My campaign has not ended, nor will it. My campaign has not been suspended, nor will it be. Donations remain welcome.

I have every intention of contesting the County seat here in Lanchester in 2021, and I might, or might not, do so earlier, in the highly likely event that one of the sitting Councillors moved on or just got bored, or that the other became too seriously ill to continue, or both.

I have every intention of putting up for the Parish Council in 2021.

And I have every intention of contesting the parliamentary seat that contained Lanchester in 2022.

The local Labour machine has already proven that it cannot beat me in a fair contest, but only by cheating, although, having done so, it has now made that point, which it has no reason to press any further.

The expected boundaries of the seat in 2022 would be even less appropriate for a Far Leftist who had no inclination whatever to co-operate with Independents, Liberal Democrats, Conservatives, and entirely nonpartisan community stalwarts, and who, having been given a parliamentary seat while still at that stage, had never been required to grow out of it.

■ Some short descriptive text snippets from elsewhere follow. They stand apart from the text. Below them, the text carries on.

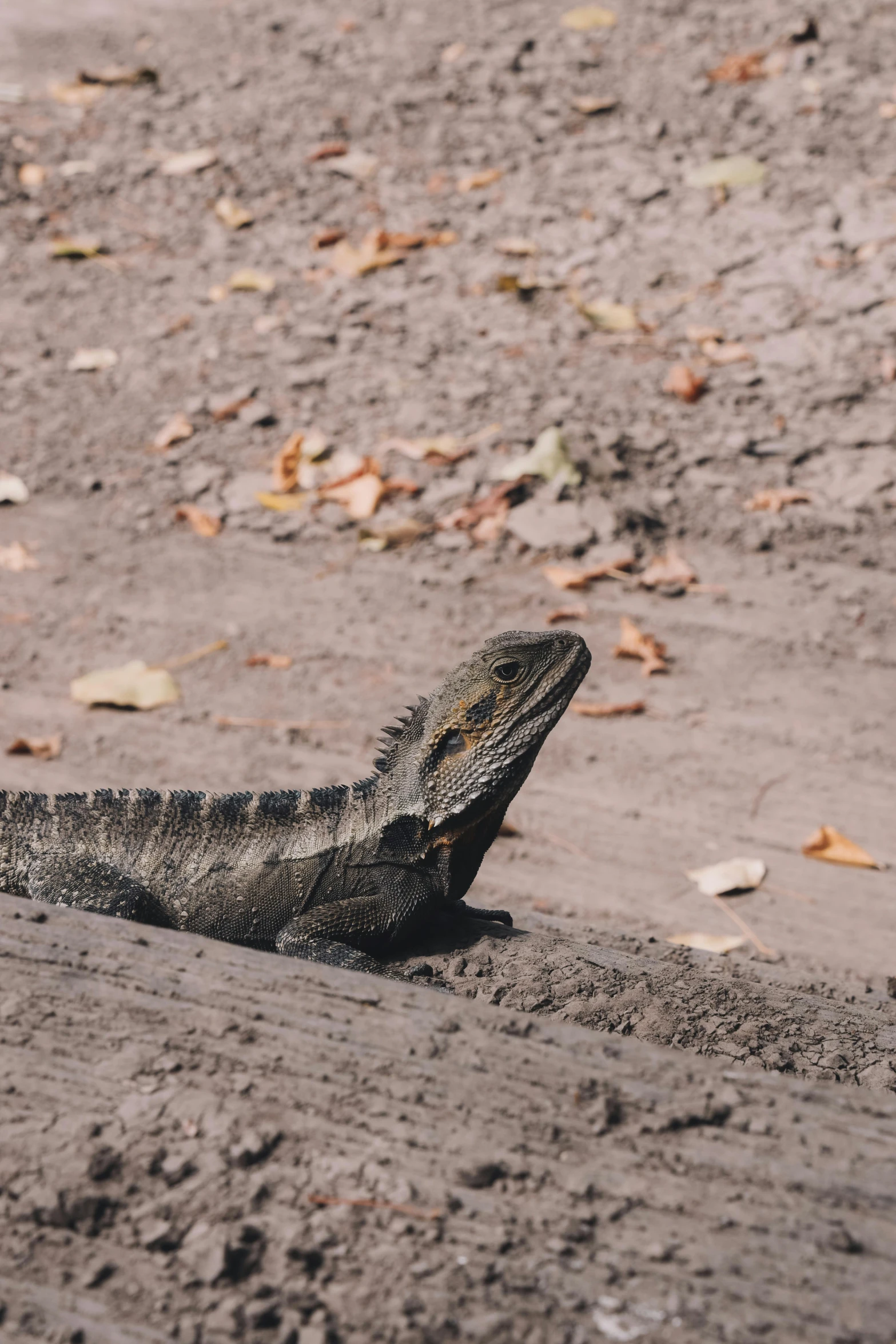 a lizard sitting on top of a sandy beach, dry river bed, curved horned dragon!, roaming the colony, grey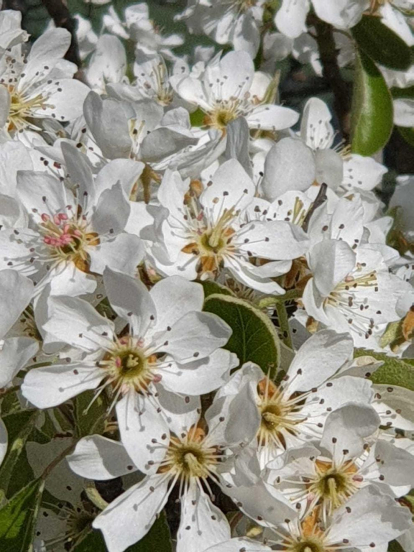 Arbres florits, camps verds i bon temps...ja és aquí la primavera!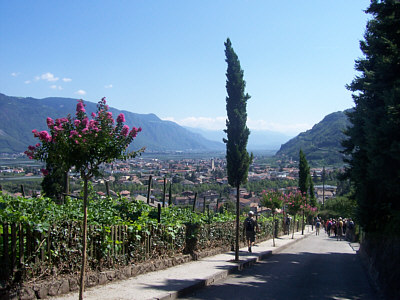 sued_tirol_2009_2 sued_tirol_2009_2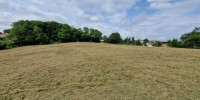 terrain à HABAS (40290)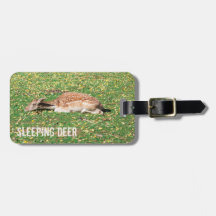 Schlafen Hirsch im Winterschlaf auf der Wiese im H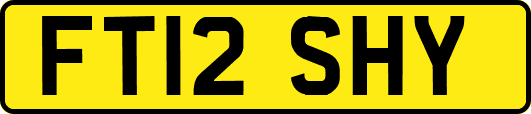 FT12SHY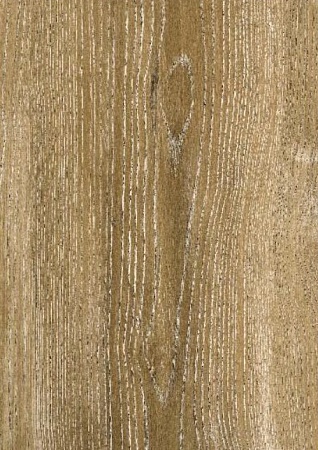 Ясень коричневый 504466002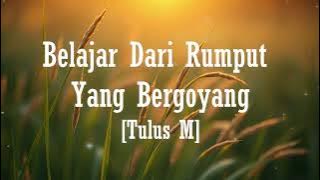 Belajar Dari Rumput Yang Bergoyang Lyrics - Tulus M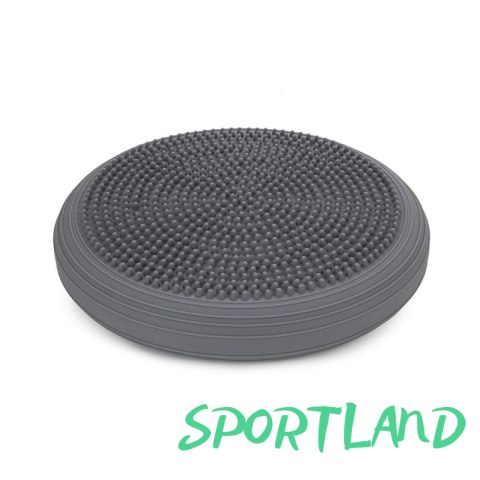 Dysk balansujący ECOWELLNESS QB 014 N/A Dysk balansujący ECOWELLNESS QB 014 N/A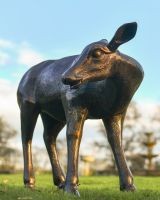 Cast Aluminium Brushed Bronze "Marla" Doe Sculpture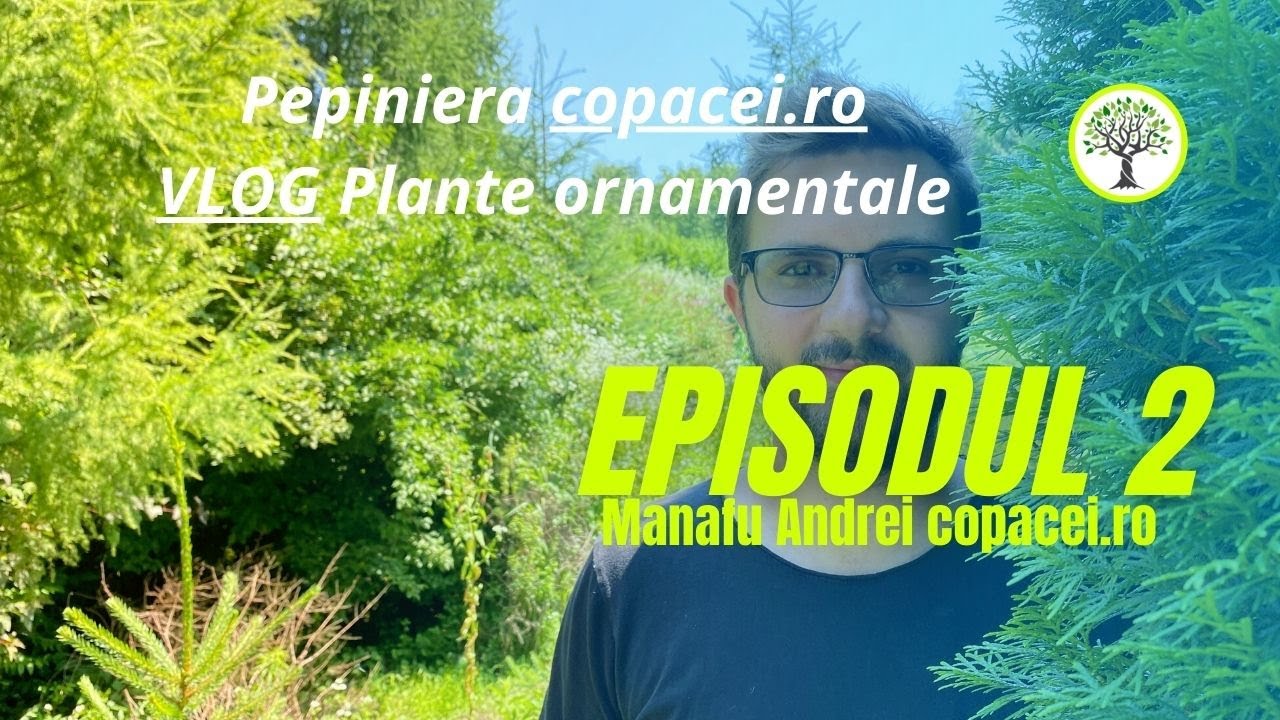 Pepiniera copacei.ro - VLOG Plante ornamentale ep2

By then, a considerable area of the new constituency will very probably have had a Conservative MP for five years.

My work continues.

My work to secure justice for the Teaching Assistants, something that now requires the election of no Labour MPs in County Durham except at Easington, which is a realistic aim in all but one of the other seats, and which is an aim worth pursuing in all of them; the TAs need to stop listening to those who have already stabbed them in the back.

My work to unite the unions, the Independents, the Liberal Democrats and the Conservatives in order to bring the Volkswagen Group's production for the British market to County Durham after Brexit, in very stark contrast to those who have merely managed other people's poverty for 32 years and counting.

My work to secure working-class representation, and especially rural working-class representation, on all public bodies, as well as in the media.

My work to give voice to the fact that the workers, and not the liberal bourgeoisie, are the key swing voters.

My work to give voice to the fact that identity issues must be located within the struggle for economic equality and for international peace.

My work to give voice to the fact that the leading role in the defence of universal public services belongs to those who would otherwise lack basic amenities, while the leading role in the promotion of peace belongs to those who would be the first to be called upon to die in wars.

My work to give voice to the fact that the decision of the EU referendum by people and places that voted Labour, Liberal Democrat or Plaid Cymru means that the concerns of those people and places ought now to be the focus of political attention.

My work of opposition from the start to the failed programme of economic austerity.

Against all Governments since 1997, my work of opposition to the privatisation of the NHS and other public services, to the persecution of the disabled (of whom I am now one), to the assault on civil liberties, to every British military intervention during that period, to Britain's immoral and one-sided relationship with Saudi Arabia, and to the demonisation of Russia.

My work in rejection of any approach to climate change which would threaten jobs, workers' rights, the right to have children, travel opportunities, or universal access to a full diet.

My work to rescue of issues such as male suicide, men's health, and fathers' rights from those whose economic and other policies have caused the problems.

And my work of refusal, as a mixed-race person, to recognise racists, Fascists or opportunists as the authentic voices of the accepted need to control immigration.

As to North West Durham in 2017, if my Campaign Patron, Councillor Alex Watson OBE, made a public endorsement, then I would disagree with it publicly if I disagreed with it at all.

If he did not say anything, then nor would I. If he did say something, but I did not, then you could draw your own conclusions, but no further comment would be made by me.